BEIJING: China is keeping up its guard against the dangers of a property bubble despite growing evidence that prices are coming off the boil after a decade-long boom.
Steering the real estate market to a soft landing is a priority for China’s policy makers, caught between worries of speculative overheating and fears that brusque curbs could cause prices to crash and fuel unrest among a rising middle class.
The authorities have implemented a string of restrictions, including higher mortgage rates and larger downpayments. From June 1, a 5.5 percent capital gains tax is due to take effect on residential property sold within two years of purchase.
The People’s Bank of China expressed satisfaction in a report on Thursday that property lending and investment in real estate had eased considerably in the first quarter thanks to the curbs.
“But in some areas of the country the scale of investment in the property sector is too great, the structure of supply is not rational and prices of residential property are rising too quickly,” the central bank added.
Shanghai, China’s financial hub, is the main concern. More than 22 billion yuan ($2.7 billion) of overseas capital poured into the city’s property sector in the first 11 months of 2004, according to a separate central bank report.
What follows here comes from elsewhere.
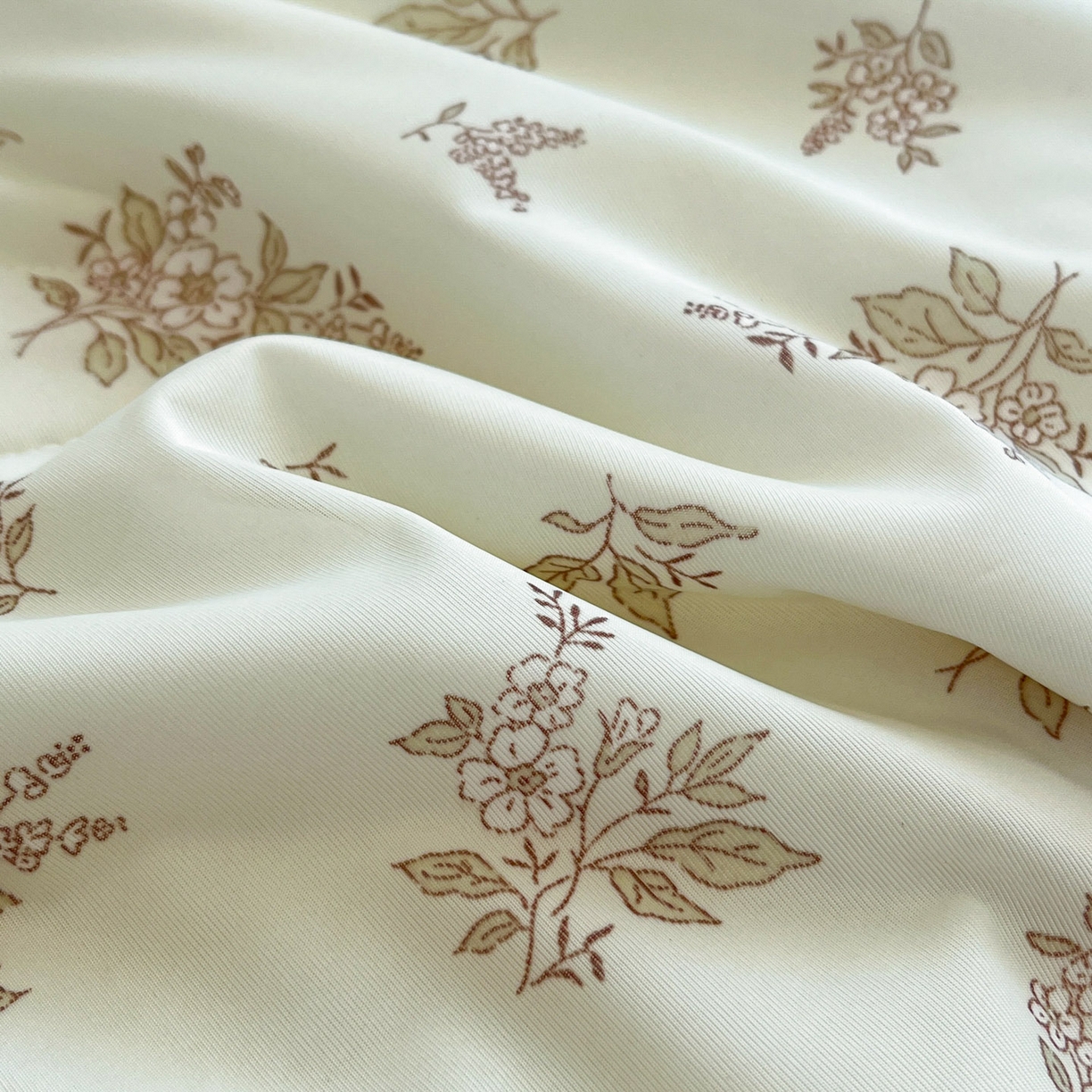 91家纺网 家纺一手货源 找家纺 羚羊语家纺 2026新款凉感丝印花夏凉被小冰皮空调被冰淇淋西瓜被针织棉夏被冰丝云母凉感被 云间花叙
It said 76 percent of all loans in Shanghai last year went to the property sector. “Shanghai should guard against financial risks in the real estate industry and promote its development in a sustained, stable and healthy way,” the Economic Daily paper quoted the report as saying.
Shanghai slowdown: Yet even in Shanghai the government’s steps are blowing some of the froth off the market, property professionals say. The number of deals is falling and, in what they say is a striking change, sellers are being more flexible in their asking prices.
“There remains some concern by buyers over what the government may do in the future, which has led many to take a wait-and-see approach,” said Reed Hatcher, senior research manager at real estate firm DTZ Debenham Tie Leung. Figures compiled by China Index Academy, a property research group, support the anecdotal evidence.
Prices in Shanghai rose 14.78 percent in January from a month earlier. But they rose just 0.45 percent in February and fell 0.45 percent in March before rising 1.05 percent in April.
From a year earlier, the pace of price rises in the city slowed to 15.99 percent in April from 21.06 percent in January.
“Sentiment certainly seems to be that it’s time to be cautious,” said Michael Hart, head of research at real estate services company Jones Lang LaSalle in Shanghai. Hart said he expected prices to correct over the next six or 12 months. The luxury end of the market would probably be spared, but city-centre properties of lesser quality bought by overseas investors could be vulnerable, Hart said. “The declines wouldn’t be substantial, but it would be significant if they declined at all because it would be the first time that the market was taking a bit of a breather,” he said.
Rural exodus: China Index Academy’s figures for Beijing, another hot property market, paint a similar picture. After rising 5.86 percent in January from December, prices in the capital were flat in February. They then rose 0.69 percent in March and 0.49 percent in April, leaving them 7.12 percent higher than a year earlier.
“I think the new policies will play a role in curbing inflated prices, but in the long run the solution is to increase supply,” said Wu Xiang, a senior manager at China Index Academy.
Andy Xie, Morgan Stanley’s chief economist in Hong Kong, agrees. He says China needs to increase its urban population by 400 million over the next two decades as peasants leave the land, generating demand for five million flats a year.
If prices are too high, owner-occupiers who have bought their current flats from the state will be unable to afford to upgrade, leaving nowhere for the migrants to move into. “Hence, high property prices are very detrimental to China’s development,” Xie said in a report. Xie estimates that prices in many Chinese cities average 20 percent of urban per capita annual income per square metre. In developed countries the ratio is 3-5 percent, and perhaps twice that in other Asian cities, he said.